INFORMATION GIVEN -
↓
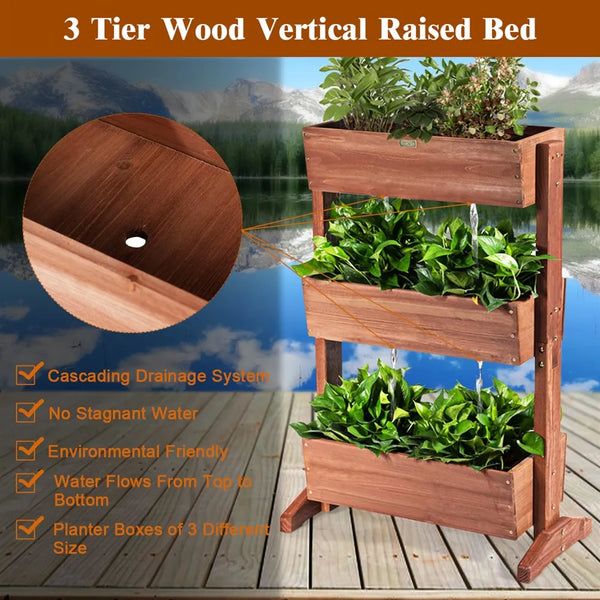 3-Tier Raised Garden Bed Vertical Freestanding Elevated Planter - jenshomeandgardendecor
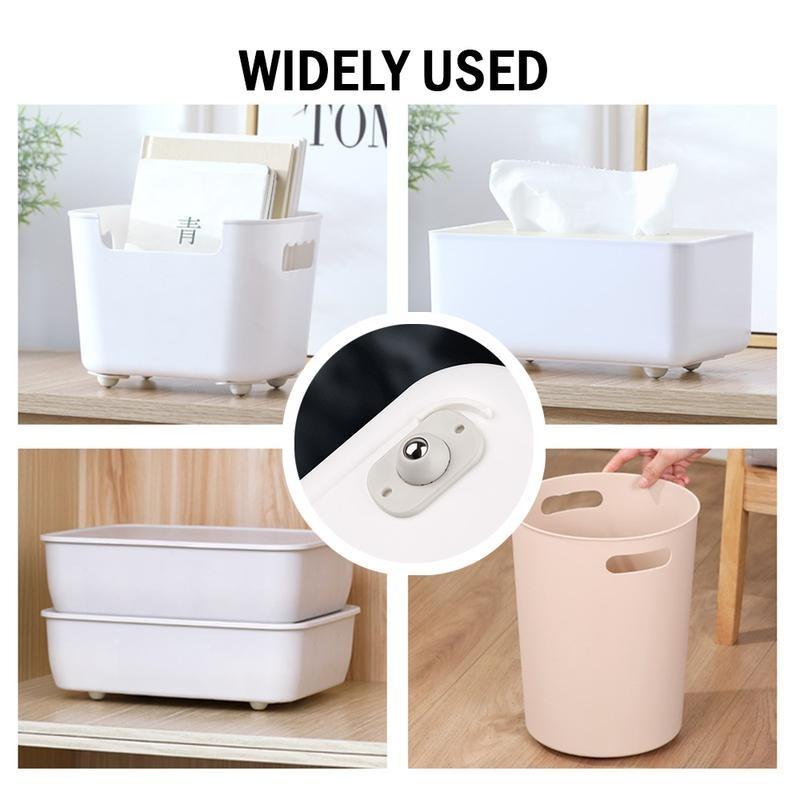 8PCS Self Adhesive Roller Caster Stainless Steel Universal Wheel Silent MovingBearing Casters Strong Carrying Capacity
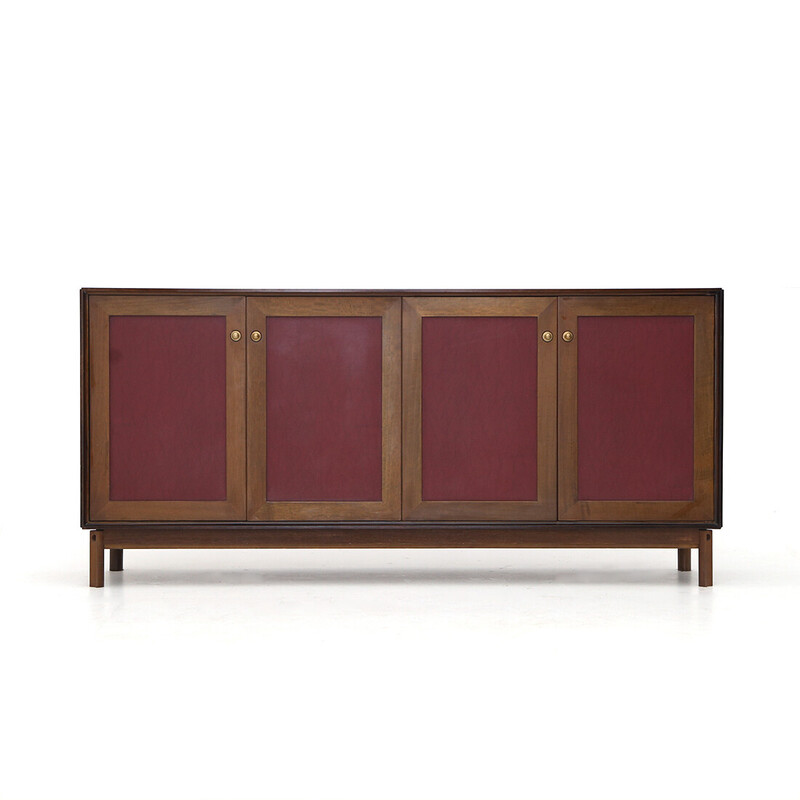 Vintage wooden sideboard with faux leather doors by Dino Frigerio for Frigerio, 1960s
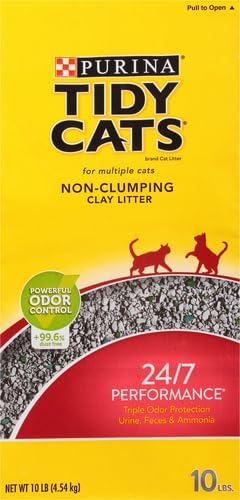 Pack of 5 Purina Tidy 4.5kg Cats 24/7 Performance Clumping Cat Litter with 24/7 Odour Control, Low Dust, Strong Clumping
↑
↓
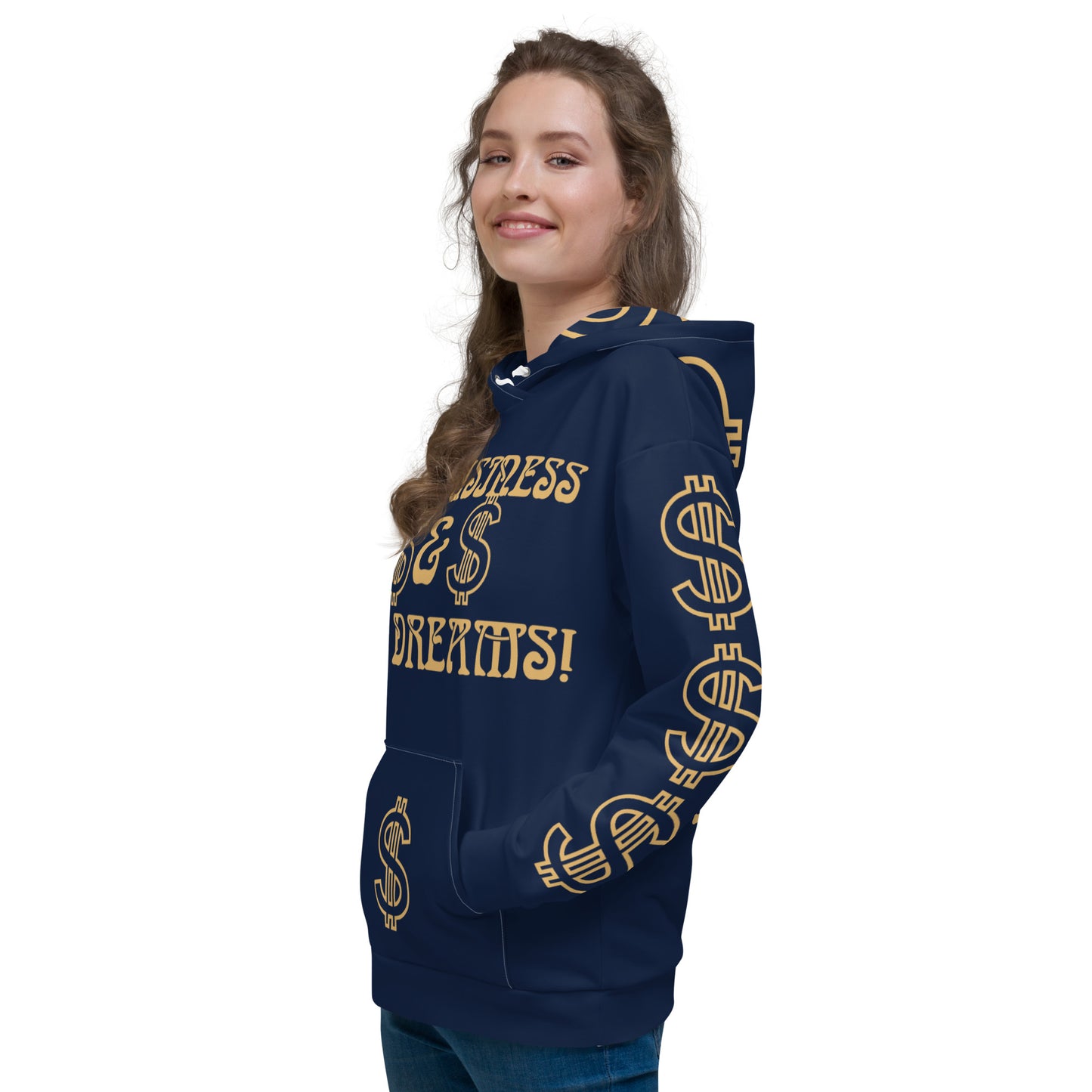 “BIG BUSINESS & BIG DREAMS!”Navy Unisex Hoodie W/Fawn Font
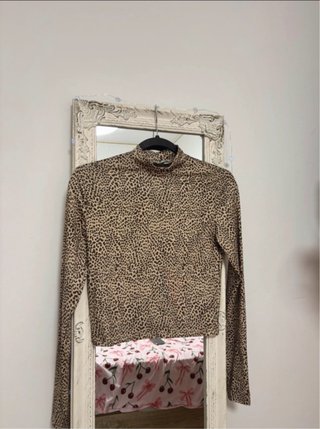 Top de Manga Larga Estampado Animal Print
↑
DIRECTIONS -
Reproduce exactly the lines of the data above that run from the line with "Hoodie W/Fawn Font" down to the line with "Top de Manga Larga Estampado Animal Print", both ends included. Pictures do not belong in the copy.

ANSWER BOX -
 “BIG BUSINESS & BIG DREAMS!”Navy Unisex Hoodie W/Fawn Font
 Top de Manga Larga Estampado Animal Print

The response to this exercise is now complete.